About this exercise.
Reproduce every line below exactly as written; do not include the images.

*** Data extracts ***

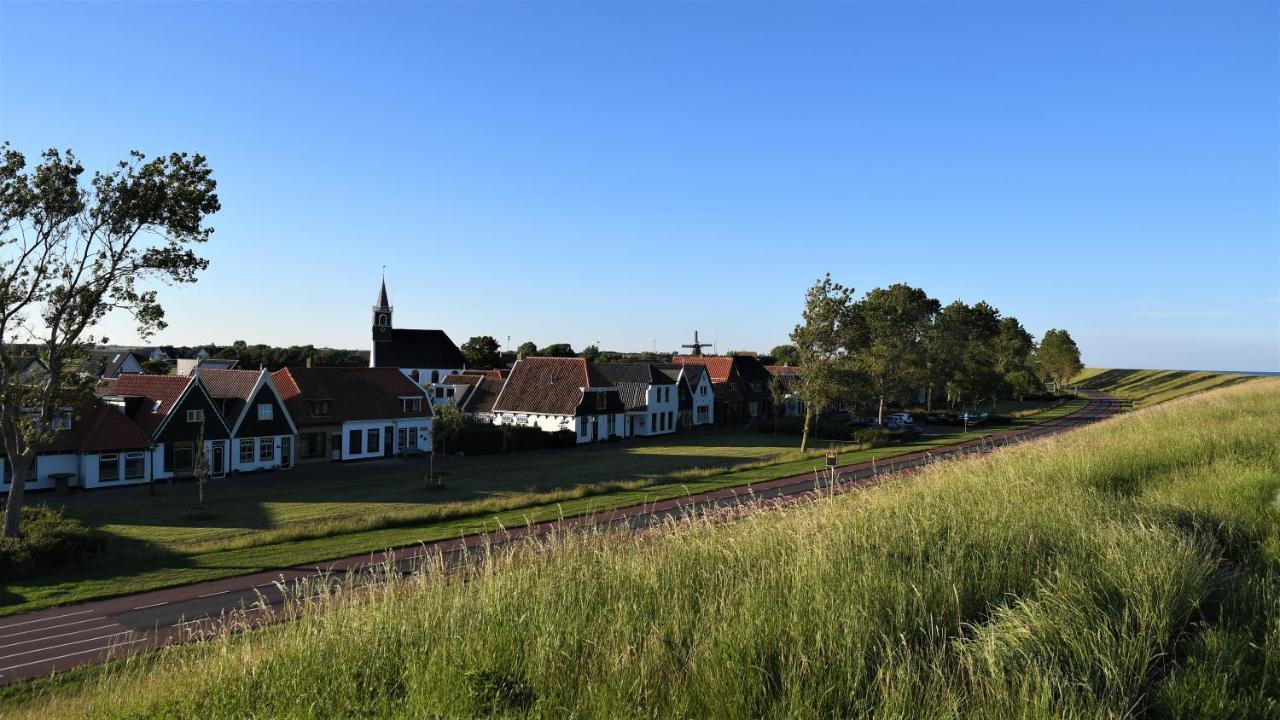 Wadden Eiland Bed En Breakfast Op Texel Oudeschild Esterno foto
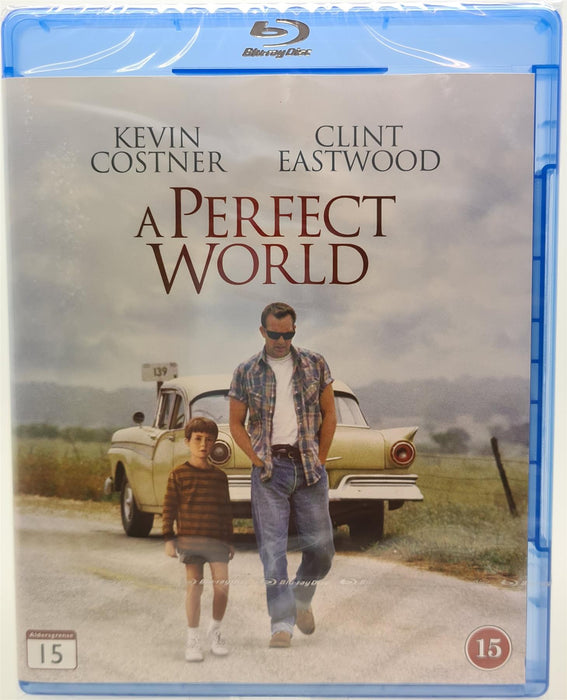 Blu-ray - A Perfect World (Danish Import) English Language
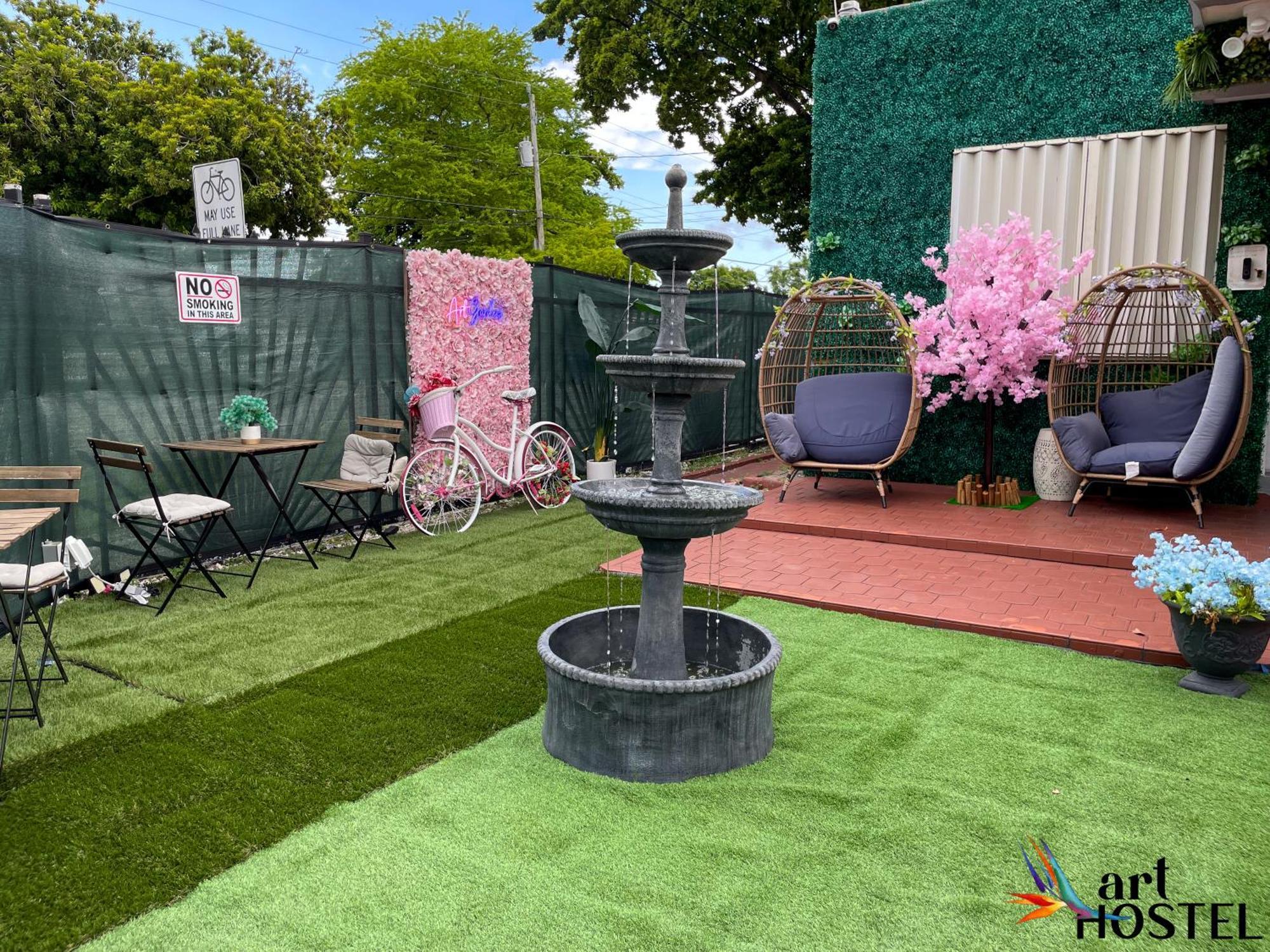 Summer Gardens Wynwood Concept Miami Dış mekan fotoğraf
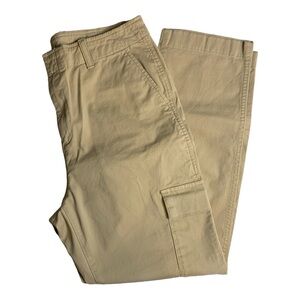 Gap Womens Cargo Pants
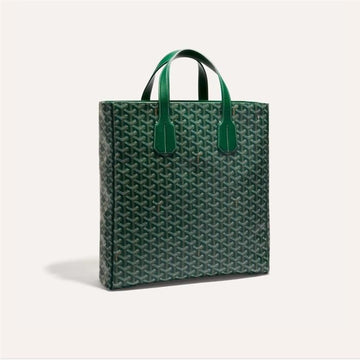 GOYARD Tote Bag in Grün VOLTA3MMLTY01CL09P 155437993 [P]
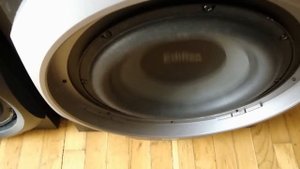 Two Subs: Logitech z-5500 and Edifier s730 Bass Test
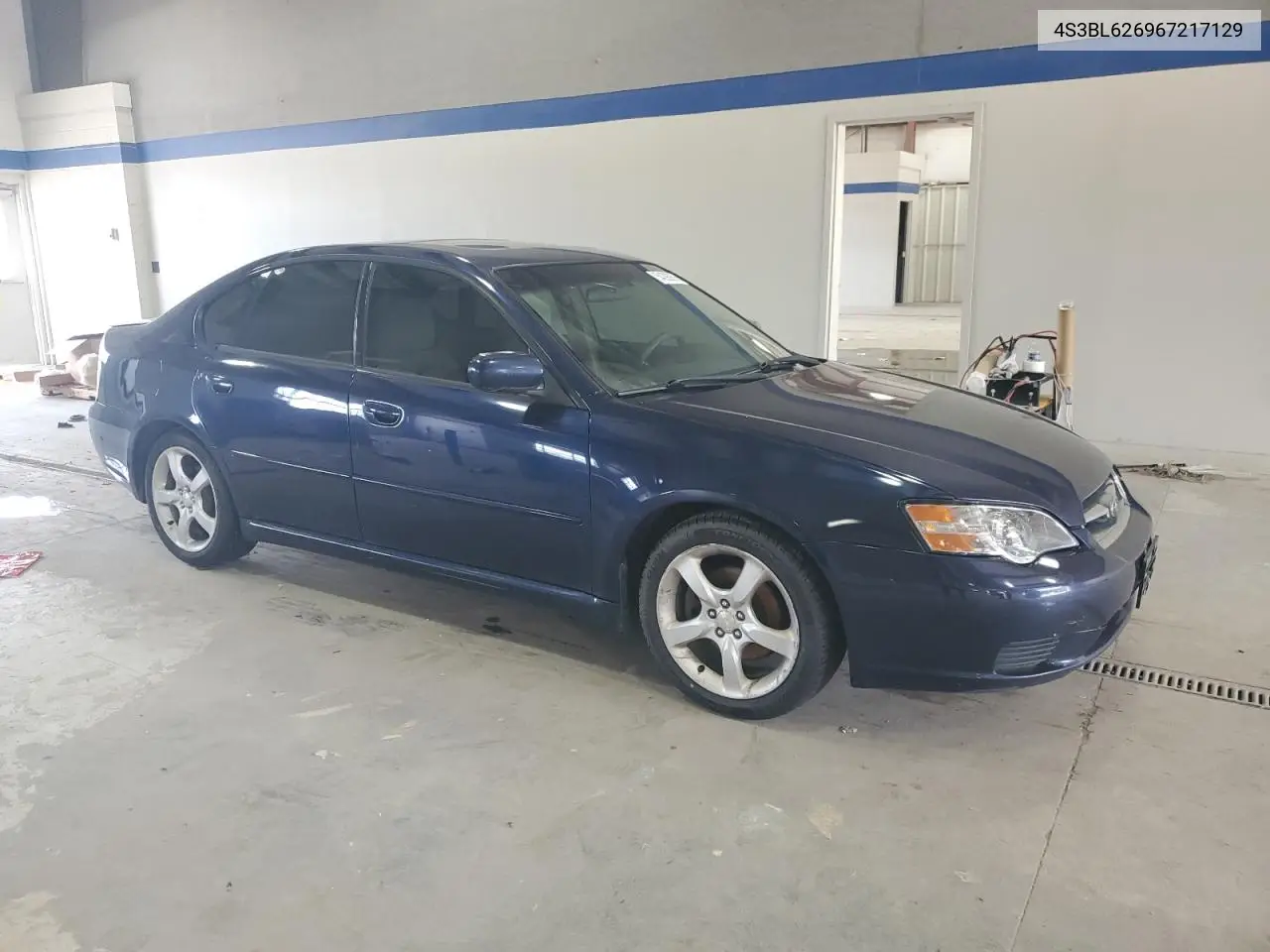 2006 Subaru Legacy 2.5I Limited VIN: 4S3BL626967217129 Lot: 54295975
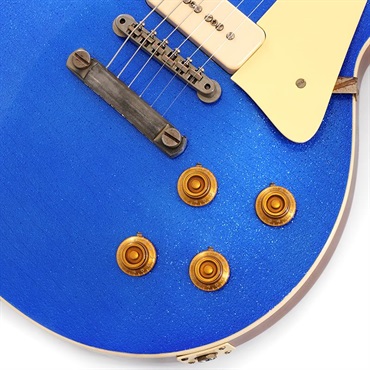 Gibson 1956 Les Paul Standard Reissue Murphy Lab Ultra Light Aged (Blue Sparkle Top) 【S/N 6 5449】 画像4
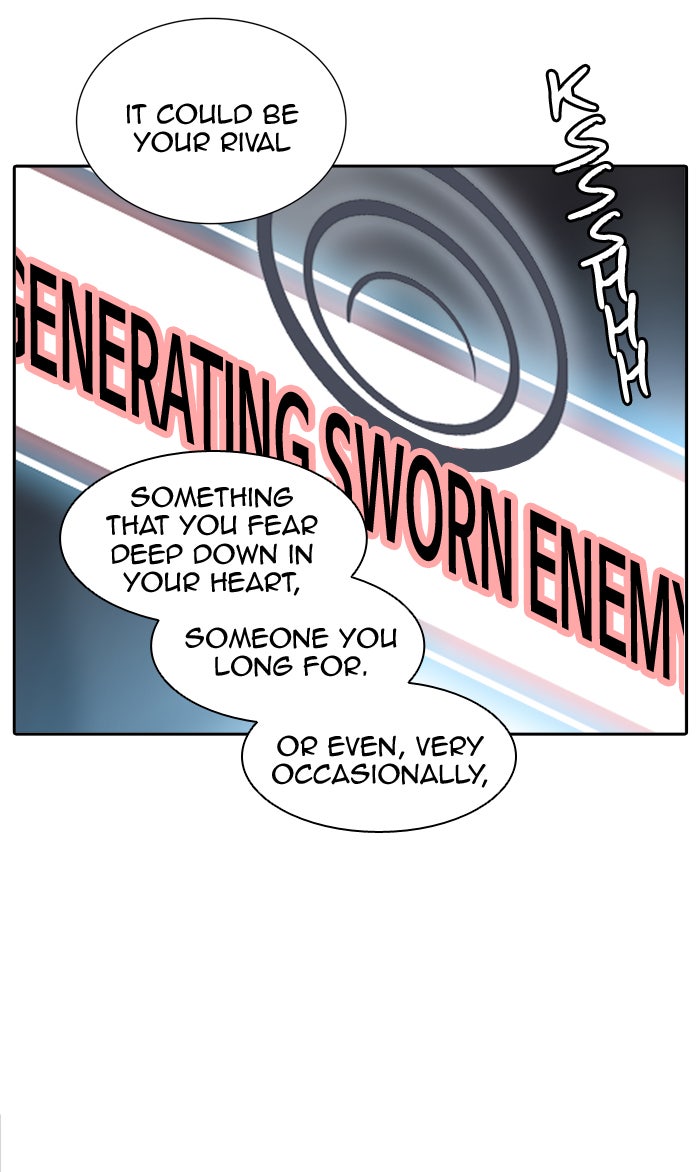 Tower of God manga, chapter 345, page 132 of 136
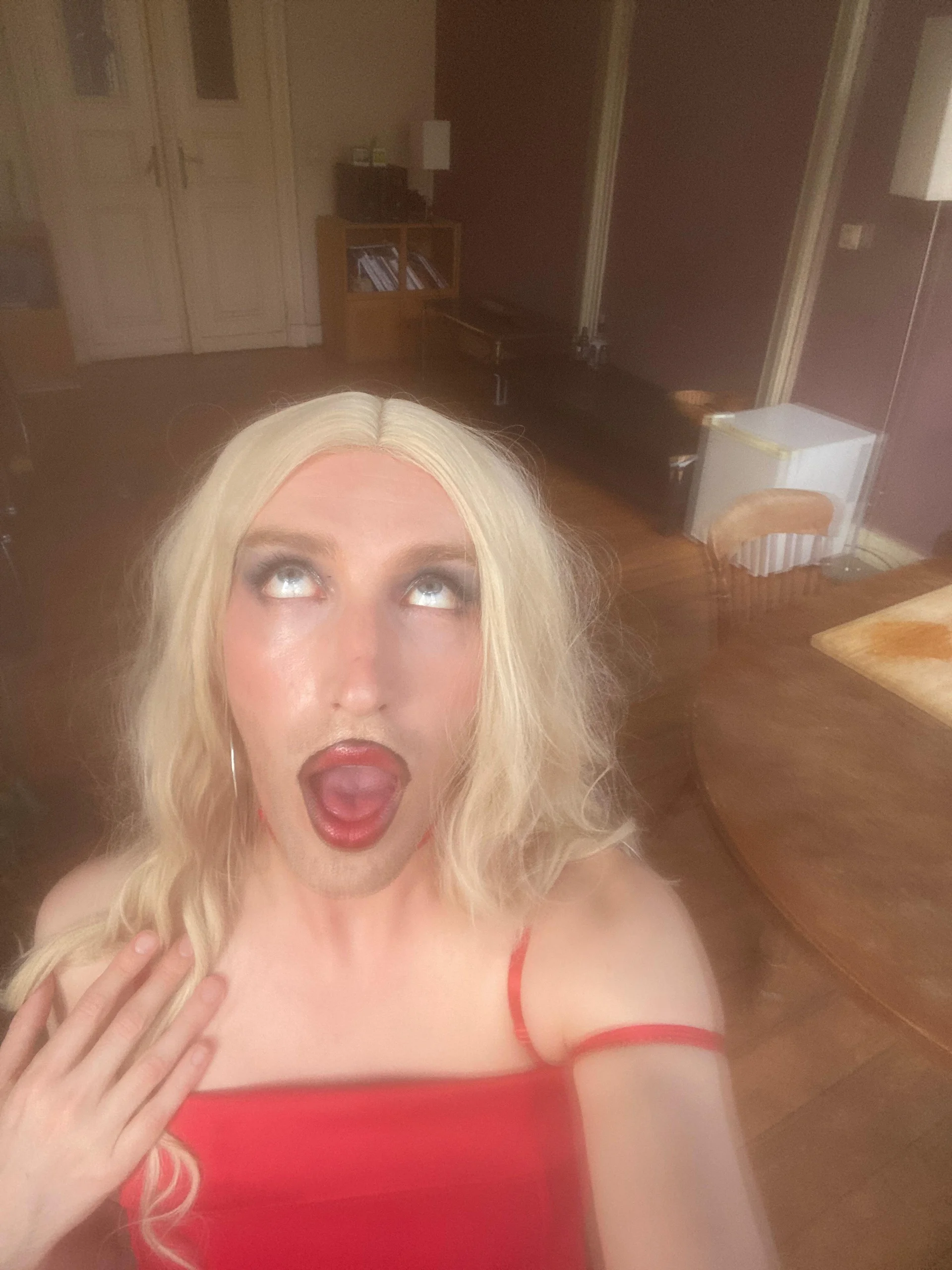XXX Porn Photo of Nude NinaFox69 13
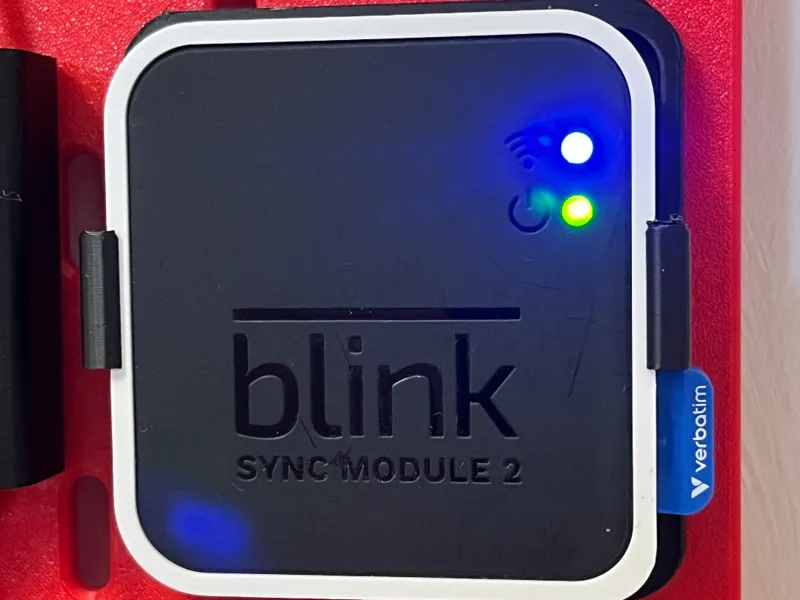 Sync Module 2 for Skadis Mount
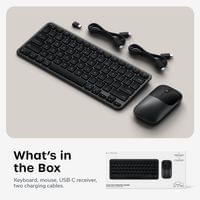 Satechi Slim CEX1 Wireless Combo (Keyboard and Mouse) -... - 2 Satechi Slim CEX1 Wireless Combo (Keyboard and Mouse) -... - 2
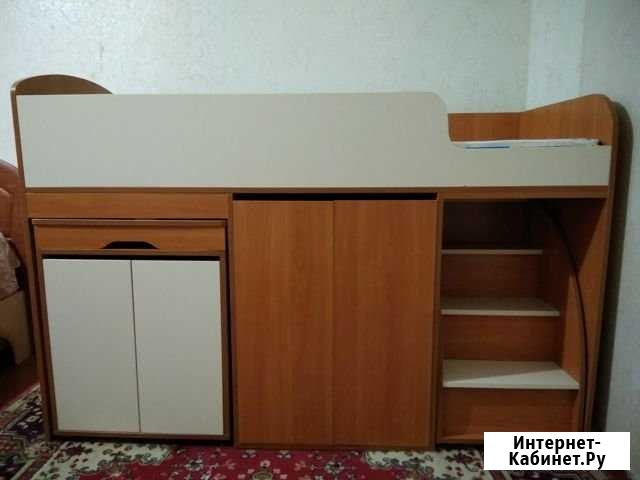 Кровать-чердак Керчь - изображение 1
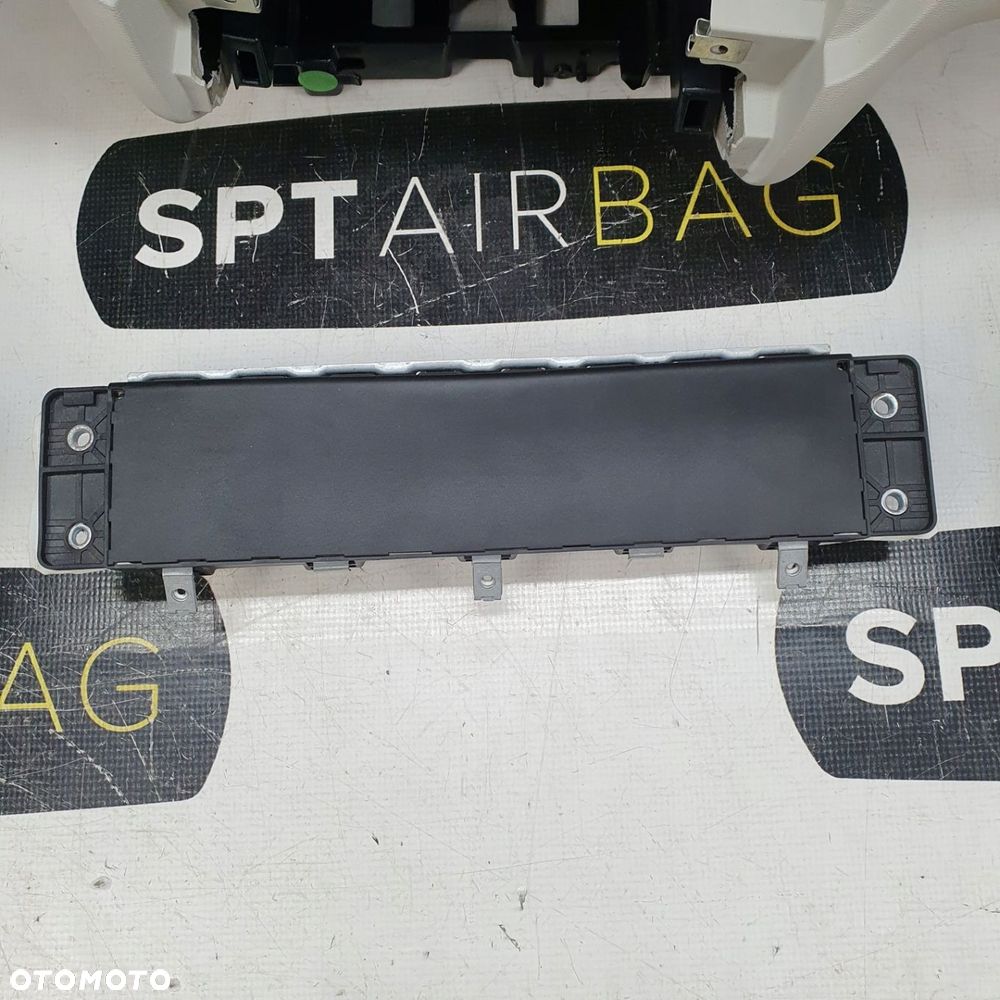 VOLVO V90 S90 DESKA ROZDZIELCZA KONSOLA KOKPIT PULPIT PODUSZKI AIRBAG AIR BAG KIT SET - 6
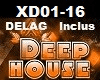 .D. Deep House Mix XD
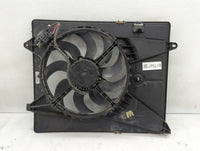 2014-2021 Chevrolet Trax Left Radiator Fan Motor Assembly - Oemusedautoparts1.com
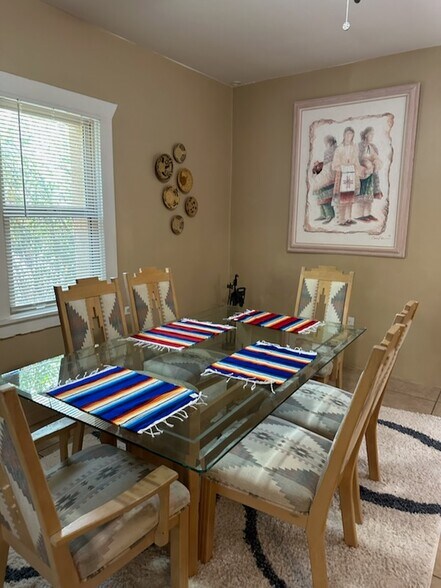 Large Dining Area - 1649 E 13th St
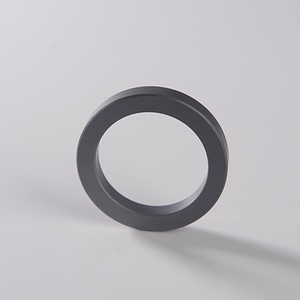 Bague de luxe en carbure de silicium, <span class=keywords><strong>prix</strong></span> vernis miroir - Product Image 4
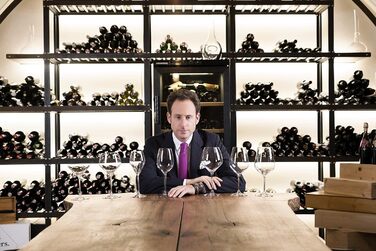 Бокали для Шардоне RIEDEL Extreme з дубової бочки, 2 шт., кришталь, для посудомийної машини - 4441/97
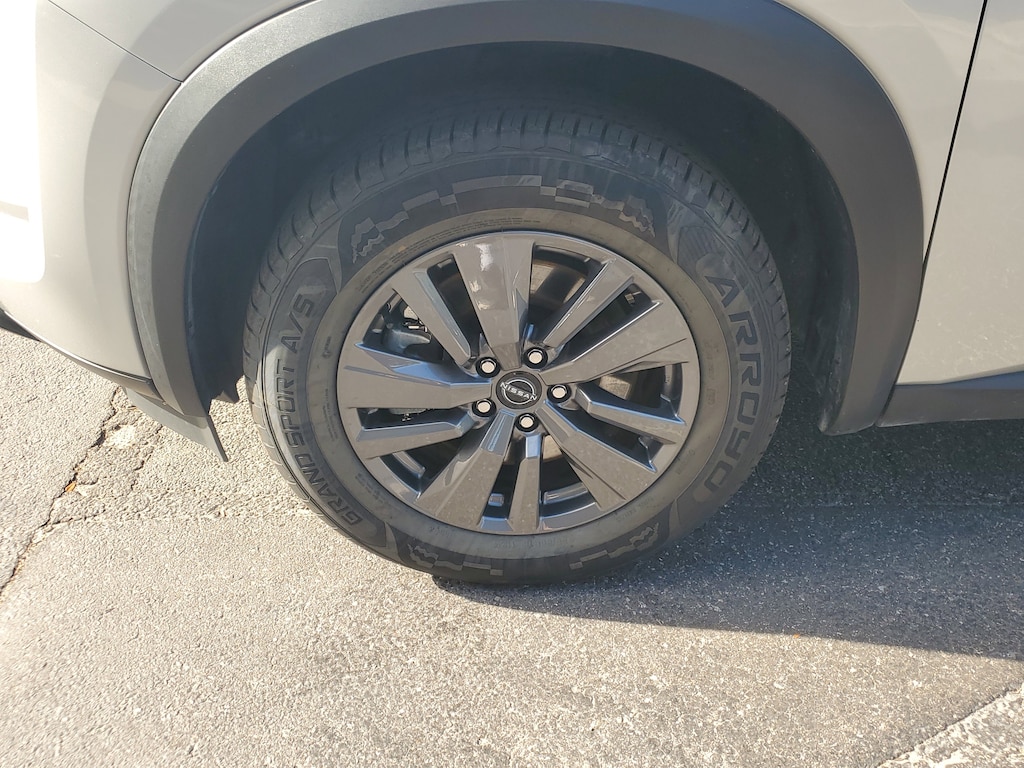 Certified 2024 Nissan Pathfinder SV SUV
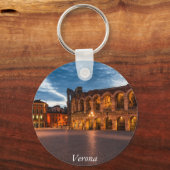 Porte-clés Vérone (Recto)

***

Result of this exercise.
 Wadden Eiland Bed En Breakfast Op Texel Oudeschild Esterno foto
 Blu-ray - A Perfect World (Danish Import) English Language
 Summer Gardens Wynwood Concept Miami Dış mekan fotoğraf
 Gap Womens Cargo Pants
 GOYARD Tote Bag in Grün VOLTA3MMLTY01CL09P 155437993 [P]
 Two Subs: Logitech z-5500 and Edifier s730 Bass Test
 2006 Subaru Legacy 2.5I Limited VIN: 4S3BL626967217129 Lot: 54295975
 Gibson 1956 Les Paul Standard Reissue Murphy Lab Ultra Light Aged (Blue Sparkle Top) 【S/N 6 5449】 画像4
 Tower of God manga, chapter 345, page 132 of 136
XXX Porn Photo of Nude NinaFox69 13
 Sync Module 2 for Skadis Mount
 Satechi Slim CEX1 Wireless Combo (Keyboard and Mouse) -... - 2 Satechi Slim CEX1 Wireless Combo (Keyboard and Mouse) -... - 2
 Кровать-чердак Керчь - изображение 1
 VOLVO V90 S90 DESKA ROZDZIELCZA KONSOLA KOKPIT PULPIT PODUSZKI AIRBAG AIR BAG KIT SET - 6
 .D. Deep House Mix XD
 2014-2021 Chevrolet Trax Left Radiator Fan Motor Assembly - Oemusedautoparts1.com
 Large Dining Area - 1649 E 13th St
 Bague de luxe en carbure de silicium, <span class=keywords><strong>prix</strong></span> vernis miroir - Product Image 4
 Бокали для Шардоне RIEDEL Extreme з дубової бочки, 2 шт., кришталь, для посудомийної машини - 4441/97
 Certified 2024 Nissan Pathfinder SV SUV
 Porte-clés Vérone (Recto)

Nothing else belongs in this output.